Fıkra, bir rivayete göre Nasrettin Hoca’ya atfedilir…
Nasrettin Hoca, elinde para kesesi ile çarşıya alışverişe gitmiş. Birkaç kör dilencinin köşe başında yan yana oturduğunu görünce aklına bir muziplik gelmiş. Dilencilerin yanına sokularak para kesesini şıkırdatmış:
- Bu paraları alın dilediğiniz gibi paylaşın, demiş.
Keseyi cebine koyup bir kenara çekilmiş. Kör dilenciler, kesenin aralarından birisine verildiğini sanarak başlamışlar tartışmaya.
- Sana verdi.
- Bana vermedi.
- Ben de hakkımı isterim.
- Beni aldatmaya kalkmayın.
- Eşit olarak paylaşalım.
Dilenciler birbirine girip yaka paça kavgaya tutuşmuşlar. Birbirlerine boşa yumruklar sallamışlar.
Onlar kavga ederken Nasrettin Hoca da gülerek etrafındakilere:
- İşte kör dövüşü buna derler, diyerek oradan uzaklaşmış.

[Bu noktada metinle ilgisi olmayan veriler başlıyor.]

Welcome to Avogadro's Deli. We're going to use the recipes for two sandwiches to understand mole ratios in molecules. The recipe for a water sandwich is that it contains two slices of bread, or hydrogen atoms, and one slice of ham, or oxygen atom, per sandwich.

Siyasette yaşananlara bakarak bu fıkrayı anımsamamak elde değil.
Bin bir türlü cambazlıkla, yalanla, dolanla iktidar olma, iktidarda kalma mücadelesi verenler bir yana. Onlar, algı operasyonlarının profesyonel oyuncuları. Her şeyi bilerek planlayarak yapıyorlar. Amaçları, hedefleri belli. Ne ilke tanıyorlar ne de hukuk. Amaçlarına ulaşmak için her türlü kirletilmiş, karartılmış yol, yöntem mübah görülüyor. Toplum ve ülke çıkarları, kalkınma, refaha ulaşma, huzur ikinci, üçüncü planda geliyor. Hatta hiç düşünülmüyor.

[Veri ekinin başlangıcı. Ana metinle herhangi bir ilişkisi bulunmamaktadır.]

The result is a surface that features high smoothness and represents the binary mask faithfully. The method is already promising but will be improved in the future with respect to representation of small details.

Yandaşlar ve yandaş medya misyonerleri de bu uğurda seferber olmuş, karşı tarafa dört bir koldan saldırıyorlar. Daha çok göze girmek, daha çok puan ve alkış toplamak için adeta yirmi dört saat birbirleriyle yarışıyorlar. Dün ak dediklerine bugün kara, dün doğru dediklerine bugün yanlış demekten sıkılmıyorlar.
Tabanda ise; kirli siyasi atmosfere uygun olarak bir kaos, bir kör dövüşü yaşanıyor. Bu toz, duman içinde, sisli, bulanık havada verilen anlamsız kavgalar, gittikçe kronik hale gelerek toplumun gelişme dinamiklerini, ‘genetik yapısını’ felç ediyor. Toplum uyutulup anlamsız, çıkışı olmayan labirentlerin içine hapsedilince, artık malûm “ üst akıl “ amaç ve hedeflerine doğru rahatça ilerliyor.
Unutmayalım. Bizler bu kısır çekişmelerle oyalanırken, Mehmetçik karakışın ortasında düşmanla, terörle savaşıyor. Cephe gerisinde sırtını dayayabileceği, cesaretini ve azmini artırabileceği bir toplumsal dayanışmanın ışıltılarını, desteğini bekliyor.
Dağ gibi birikmiş, ötelenmiş sorunlarla yüzleşip çözüm yollarına, çarelere odaklanmak varken bu kör dövüşü niye ?
Ekonomide üretim artışı nasıl sağlanacak ?
Çökmüş olan tarım ve hayvancılık nasıl canlandırılacak ?
Gittikçe bozulan gelir dağılımı nasıl düzeltilecek ?
Her geçen gün artan işsizlik nasıl önlenecek ?
Eğitimde, adalette, hukuk sisteminde, bürokraside dibe vurmuş olan göstergeler nasıl normale döndürülecek ?
Gelin bunları tartışalım.
Bırakın adalet, özgürlük, eşitlik, demokrasi, hukukun üstünlüğü diye bağıranlara saldırıp, karalama kampanyalarına girişerek oy devşirme çabalarını.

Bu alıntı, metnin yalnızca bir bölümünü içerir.